Can creativity scale? That question was posed by Kim Scott, who had good reason to ask: She works at Google, where she is director of online sales and operations for AdSense, DoubleClick, and YouTube. She believes that creativity within an organization depends on vibrant, ongoing collaboration and free idea flow—which tend to dry up as a business adds people and projects. A former entrepreneur (Scott was involved in three start-ups before joining Google), she hates the fact that more layers of management often lead to more bureaucracy—and the end of entrepreneurial spirit, risk taking, and learning from mistakes. At the same time, she recognizes that it is not reasonable to have organizations so flat that managers are saddled with dozens of direct reports. “How do you get lift out of adding layers,” she asked, “instead of weight?” One solution she offered is greater investment in infrastructure, whether high-tech or low-tech, that makes collaboration easier.

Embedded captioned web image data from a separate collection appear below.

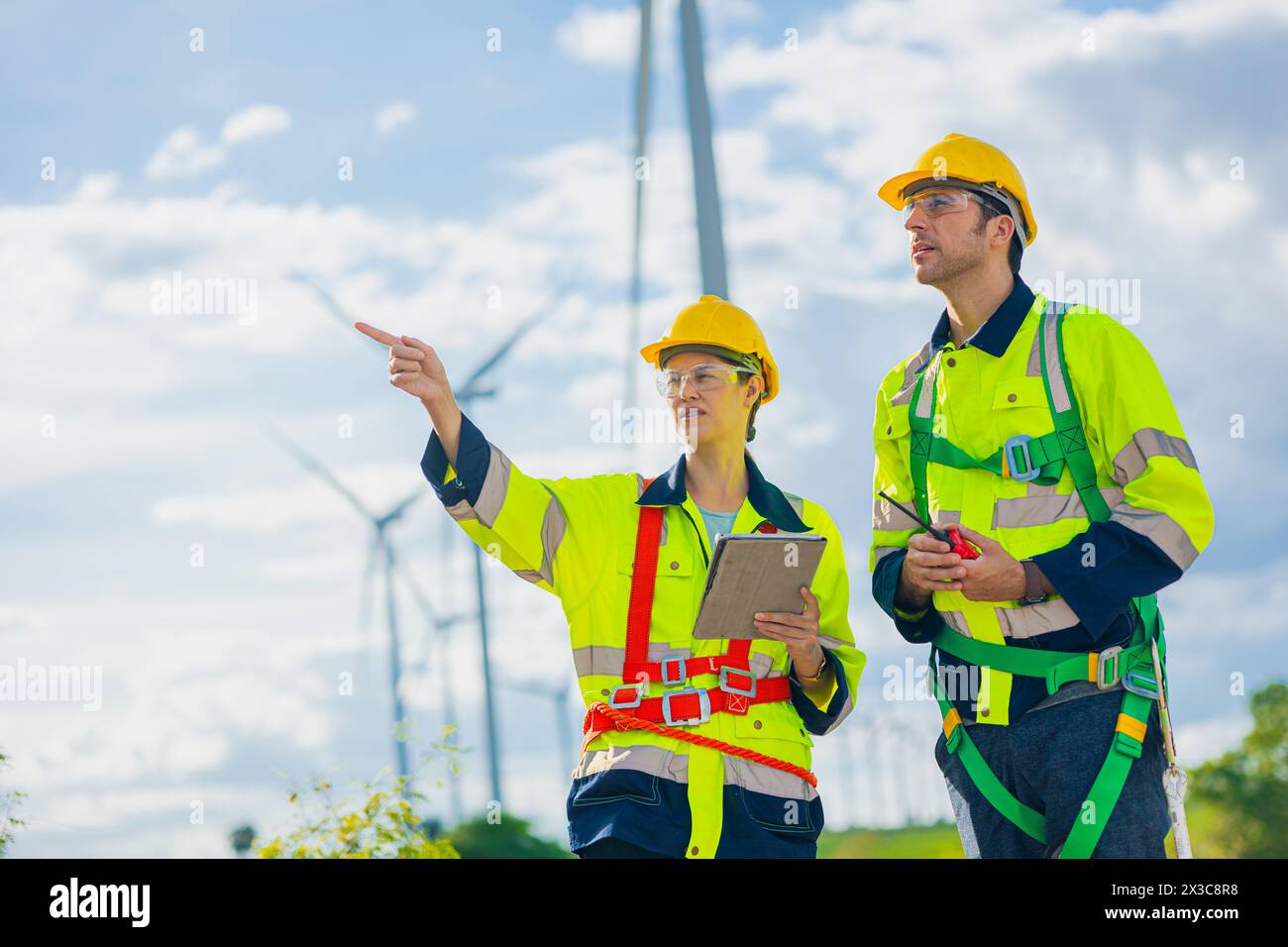 Professionelle Ingenieure, die Wartungsarbeiten an Windturbinen durchführen. Saubere Energie für die Zukunft. Alternative Öko-Naturstromerzeuger Mitarbeiter arbeiten an Stockfoto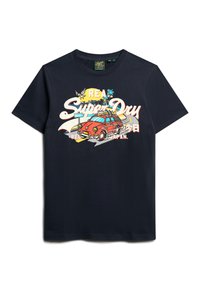 Camiseta de algodón de color azul marino con mangas cortas, con un estampado gráfico de un coche rojo, palmeras y texto en varios colores.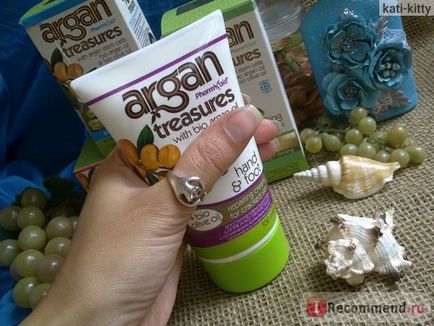 Крем для рук і ніг pharmaid argan treasures repairing cream for hand and feet (cracked skin) with (pharmaid) Крем для рук і ніг pharmaid argan treasures repairing cream for hand and feet (cracked skin) with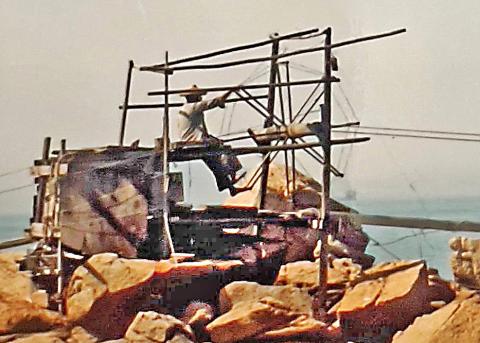 Leg & foot operated raise & lower net fishing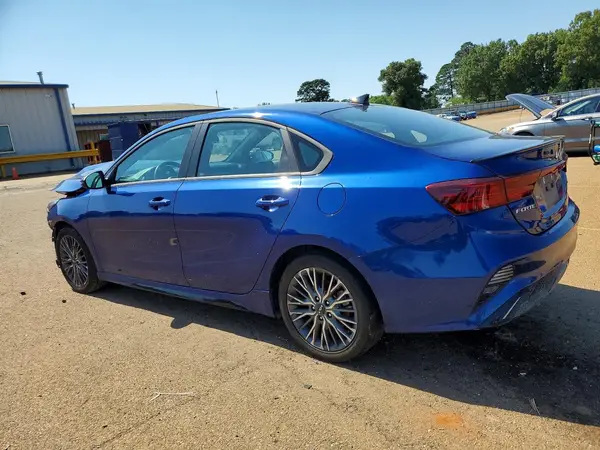3KPF54AD7RE825011 2024 KIA FORTE - Image 2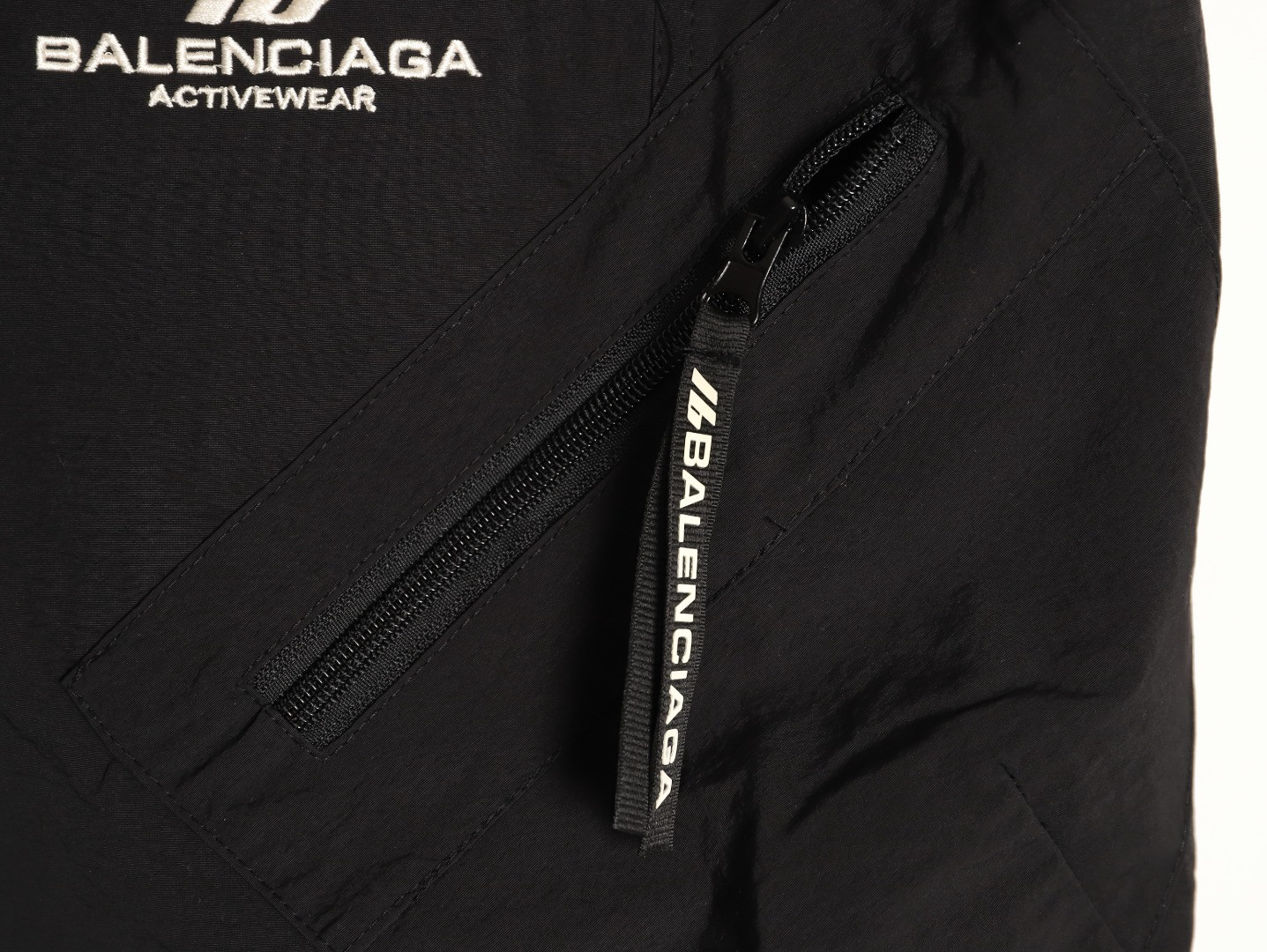 Ba1en*iaga shorts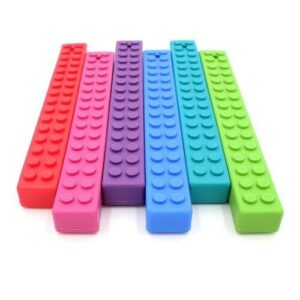 Le MEGA Brick Stick ™ d’ARK est très similaire à la chaîne à mâcher Lego Brick Stick originale et populaire d’ARK. Quelle est la différence? Cette version MEGA est beaucoup plus grande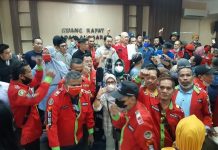 Kembali Lagi ke DPRD, Eks RT-RW Tuntut Pemkot Makassar Segera Gelar Pemilu Raya FOTO: Ratusan mantan Ketua RT/RW dan LPM dari 15 Kecamatan se-Kota Makassar, menggelar aksi unjukrasa di kantor DPRD Kota Makassar, Jalan AP. Pettarani, Kecamatan Rappocini, pada Selasa (15/03/2022) pagi, sekitar pukul 10.30 Wita.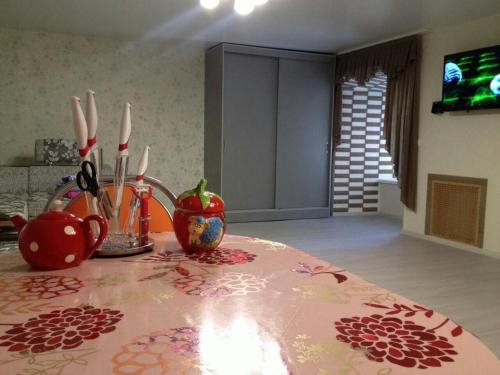 Иркутск: Apartment on Zhelyabova 3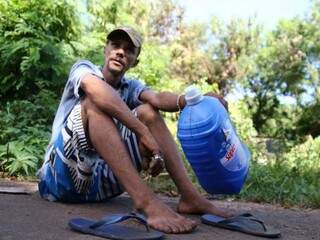 Cláudio mostra o galão com cheiro de gasolina, que provavelmente foi usado pelo suspeito (Foto: Marcos Ermínio) 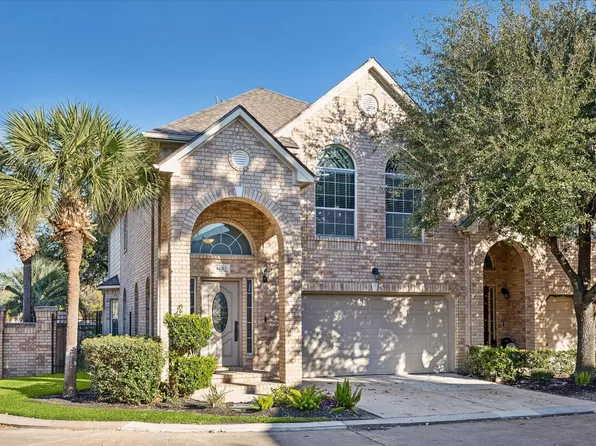 6426 E Linpar Ct, Houston, TX 77040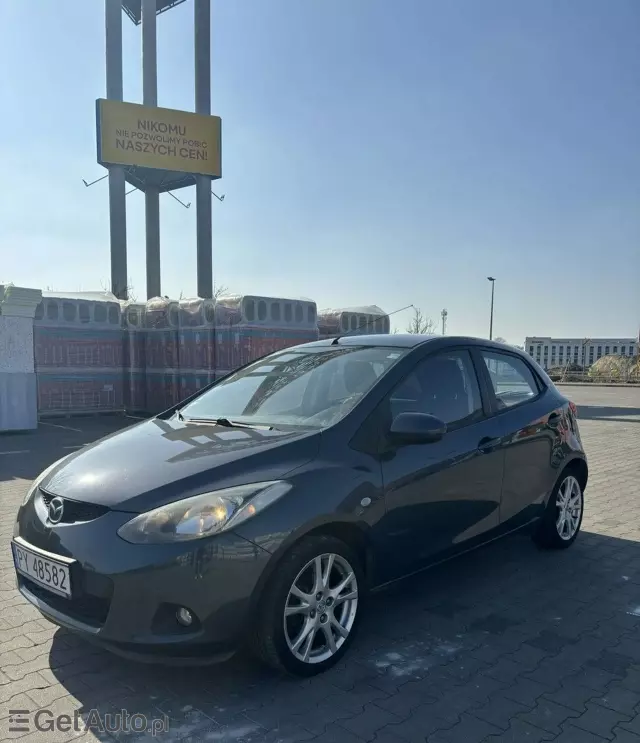 MAZDA 2 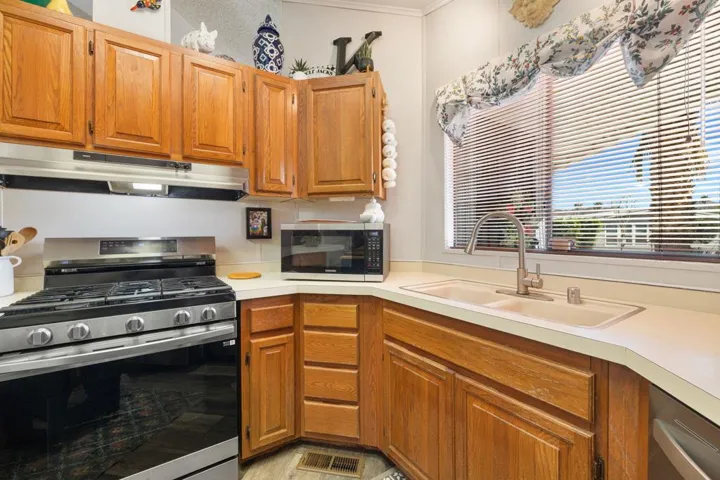 Kitchen Open to the Dine Area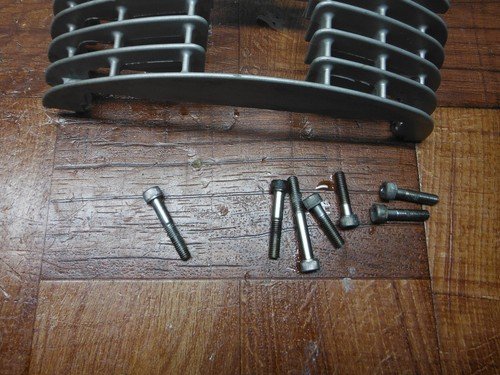 honda 2000 shadow VT 1100 99-07 spirit ENGINE CYLINDER HEAD COVER FIN FRONT - Image 2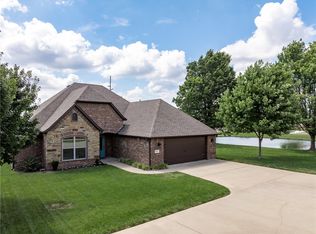 4002 SW Flatrock Cv, Bentonville, AR 72713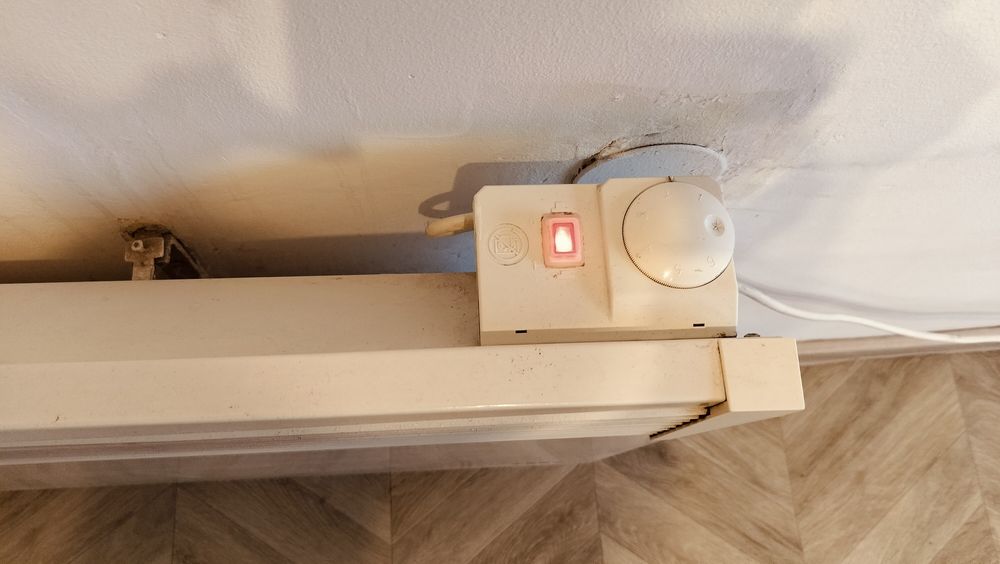 Vând convector electric cu termostat Tesy
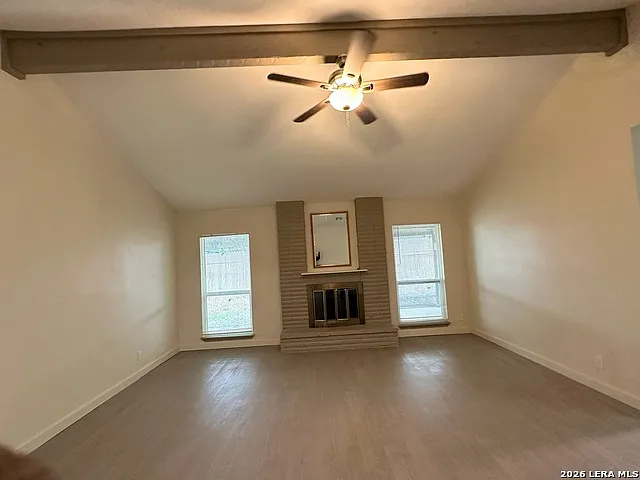 3 bed, 2.0 bath, 1382 sqft, $1,600 — Photo 3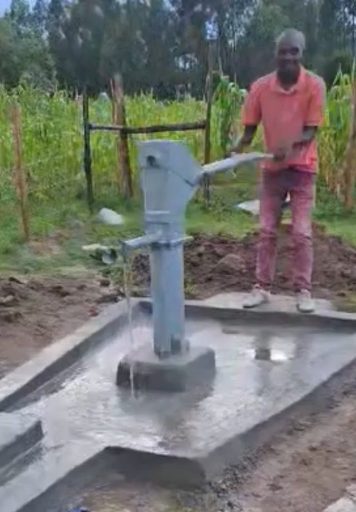 Water well w-hand pump operation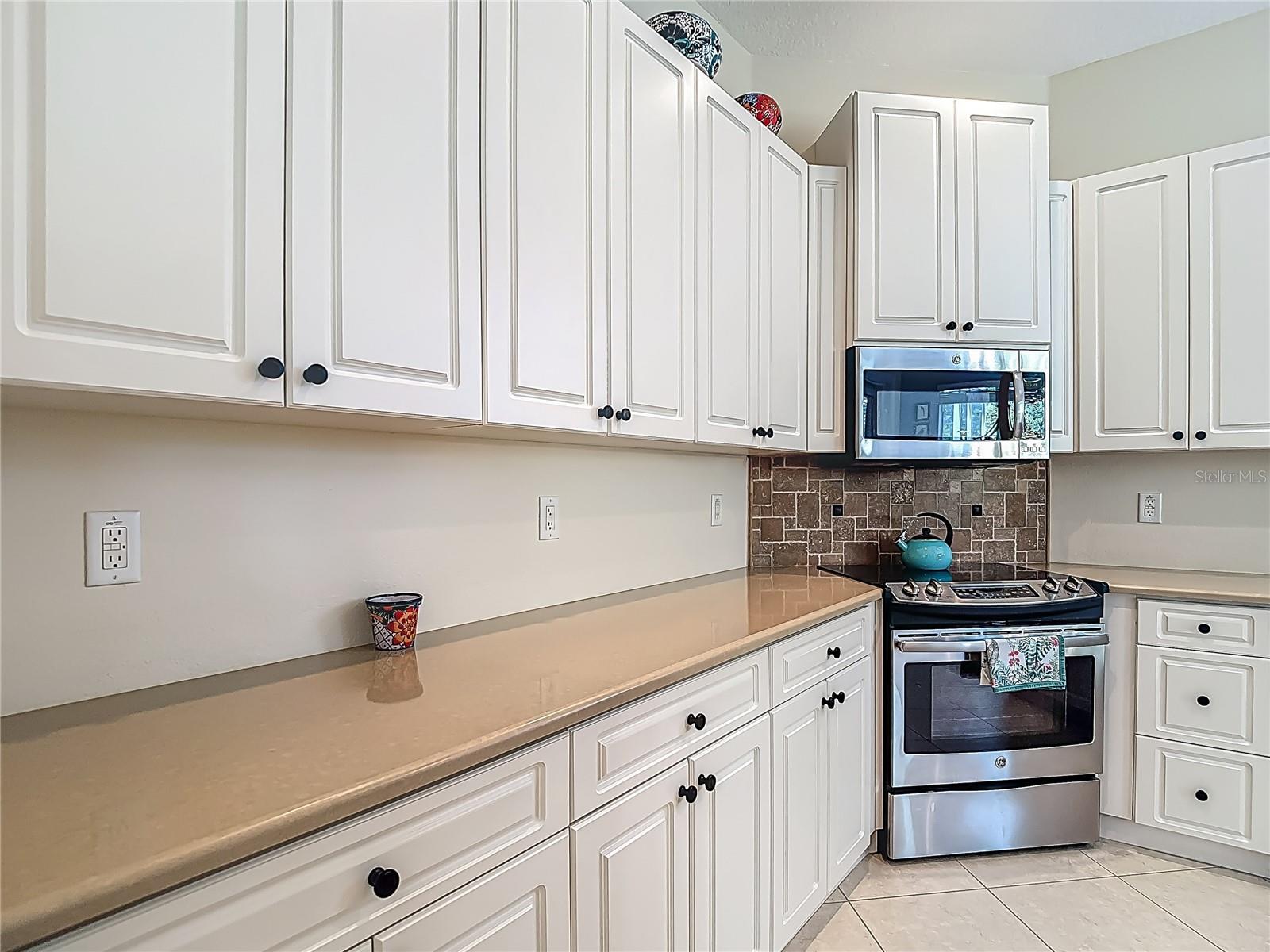 Image 30 of 99 For 10181 Holly Berry Drive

The classic response to increased scale in an operation is increased reliance on process—a standardization and continuous improvement of “the way we do it.” Many at the colloquium, however, rejected the notion that creativity could be so straitjacketed. “If there is one device that has destroyed more innovation than any other, it is Six Sigma,” stated Mark Fishman, MD, president of the Novartis Institutes for BioMedical Research. Bob Sutton echoed the sentiment, citing research showing that when organizations focus on process improvements too much, it hampers innovation over the long term. “The poster child here is Kodak, which kept making the process of manufacturing and distributing chemical-based film more efficient instead of devoting attention to making the shift to digital photography,” he said. “In other words, it kept getting better and better at doing the wrong thing.” For Kim Scott, the problem comes when an emphasis on efficiency causes managers to try to avoid duplication of effort. “In creative work,” she noted, “you need to have people approaching a problem from different angles.”

Map the phases of creative work.

Process management, Mark Fishman explained, is appropriate in some phases of creative work but not others. The leader’s job is to map out the stages of innovation and recognize the different processes, skill sets, and technology support that each requires. For instance, efficiency-minded management “has no place in the discovery phase,” he said. While recognizing that pharmaceutical firms desire predictable output from their R&D operations, he reminded the group of a remark by Nobel laureate Peter Medawar: “To predict an idea is to have an idea.” Because it’s impossible to know in advance what the next big breakthrough will be, “you must accept that the discovery phase in pharmaceutical innovation is inherently muddleheaded.” Worst of all, models like Six Sigma are geared toward reducing variability and achieving greater conformance to a desirable norm. But in the fuzzy initial stages of innovation, Fishman said, “you want people to work at the ends of the Gaussian distribution. Efficient models make good sense for the middle and end stages of the innovation process, when the game has moved from discovery to control and reliability.” He offered three pieces of advice for leaders in creative settings: Know where you are in the game. Appreciate the different creative types among your people—and realize that some are better at certain phases than others. And be very tolerant of the subversive. Creative work must, like Mark Twain’s character Huck Finn, avoid all “sivilizing” influences.

Manage the commercialization handoff.

Few people have equal capabilities in idea generation and idea commercialization; that’s why large corporations normally separate the two functions. The consensus is that, eventually, an innovation reaches a point where it will be best served by people who know how to take it to market. Unfortunately, since the passion for an idea is highest among its originators, projects often lose steam at the handoff. Management’s job is to limit the loss of momentum with adroit timing and handling of the transition.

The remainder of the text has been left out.